【凱旋門賞】ハープ6着が精いっぱい

 「凱旋門賞・仏G1」(5日、ロンシャン)

 悲願は今年も実らなかった。創設から昨年までの92回の歴史で欧州調教馬しか勝利していなかった世界最高峰の一戦で、史上初めて3頭が出走した日本馬はハープスターの6着が最高。直線で外から懸命に末脚を伸ばしたが、連覇を飾ったトレヴははるか前にいた。ジャスタウェイは8着、ゴールドシップは14着に完敗。残念な結果となったが、大レースの歴史に歓喜の1ページを加えるべく、今後も日本競馬界の挑戦は続いていく。

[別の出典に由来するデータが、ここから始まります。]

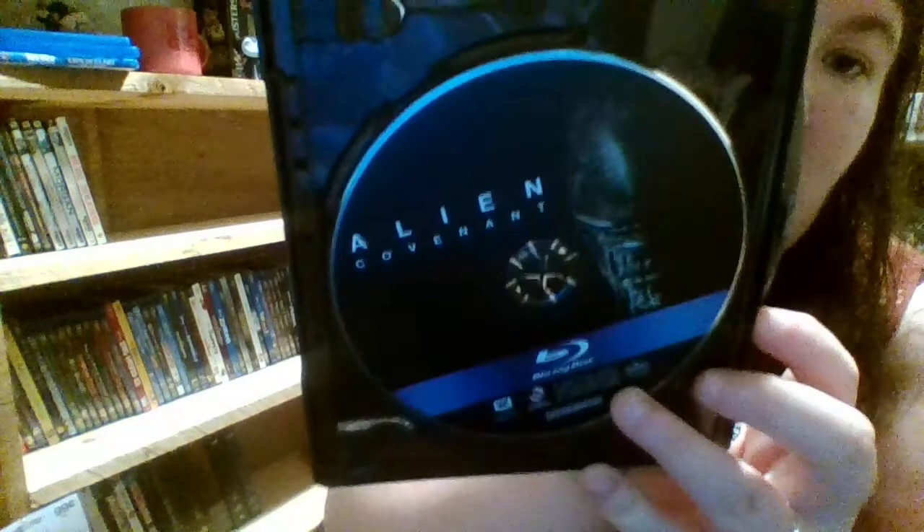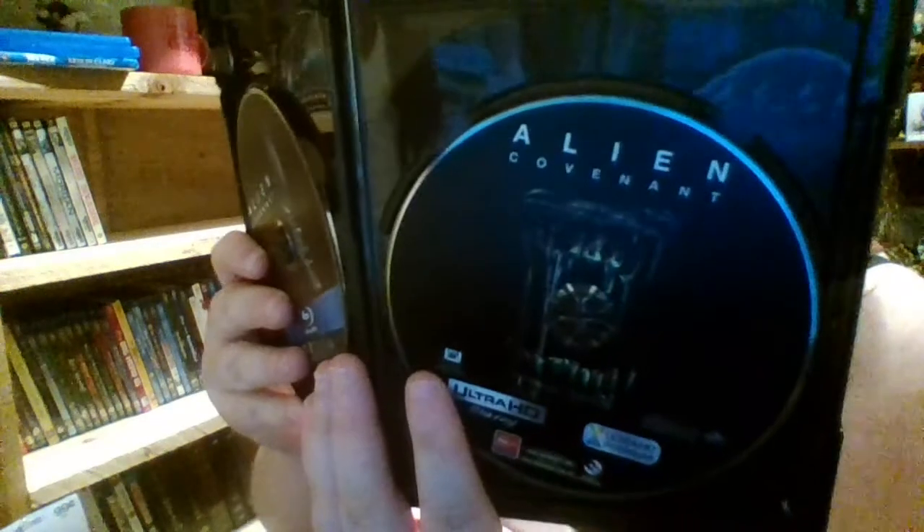There's a digital code over there. We have some disc art — the first disc has this artwork, this is just a regular Blu-ray, and then the 4K one has this artwork. Super cool, awesome.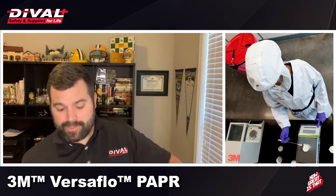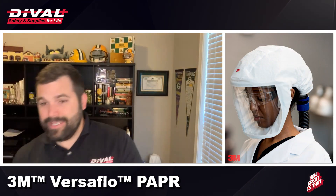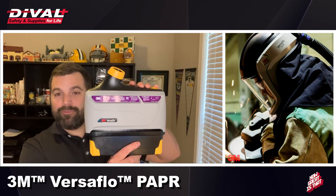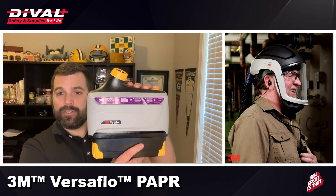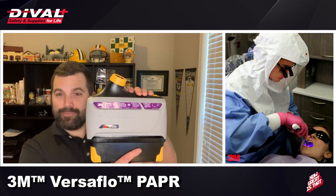There are certain environments that require even more protection — enter the TR-800. The TR-800 builds off of the TR-600 but is an intrinsically safe electronic device, so any environments requiring intrinsically safe protection are covered by the TR-800.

 またもや悲願は持ち越しとなった。日本の夢を背負ってフランスへと乗り込み、父ディープインパクト(06年、3位入線も禁止薬物検出で失格)が果たせなかった凱旋門賞制覇を期待されたハープスターだが、結果は6着。日本馬として初めての3歳牝馬の挑戦で、54・5キロという軽量は大きな魅力に映ったが、父の無念を晴らすことはできなかった。

 自分の競馬に徹した。道中は最後方のゴールドシップのひとつ前、19番手から追走する日本と同じスタイルを選択。最後の直線に入っても、これまで同様に大外に進路を取った。川田の懸命のムチに応え、グイグイと伸びる姿に、ごぼう抜きを演じた桜花賞の再現なるか、と思わせたのもつかの間。上位陣との差を詰め切れず、失意のゴールに駆け込んだ。

 「これだけ期待してもらって結果を出せずに申し訳ない。馬はよく頑張ってくれた」。懸命に日本のファンにコメントを絞り出した川田。父で佐賀競馬の孝好調教師が海外競馬に夢をはせ、何度も見ていた凱旋門賞のVTRを、川田もハープの祖母の父トニービンが勝った(1988年)ころから、食い入るように凝視していた。

 小学校の作文では「凱旋門賞とキングジョージを勝ちたい」と書き記した。いつか欧州のビッグレースを。自ら父・孝好師をフランスへと招き、最高の親孝行は果たしたが、壮大な夢までは実現に至らなかった。

 ベガに始まり、アドマイヤムーン、ブエナビスタらを育ててきた松田博師もまた、凱旋門賞、そしてフランスに思い入れがあった。ゴールドリヴァーが勝利した33年前、調教師合格後の研修で訪問。現地では誰もシンザンの名前を知らず、乗り役の腕っぷしや何事にも動じない馬にも衝撃を受けた。「これがラストチャンスだろう。自分が(日本の調教師として)初めて獲れればいいなと思う」と願っていたが、その夢ははかなくも散り、レース後は「しゃーないな」とため息をついた。

 快挙はお預けとなったものの、まだ3歳と若いハープにとって、このフランス遠征はきっと今後に生きるだろう。経験を糧に、一段と強くなった女王の力が日本で見られるに違いない。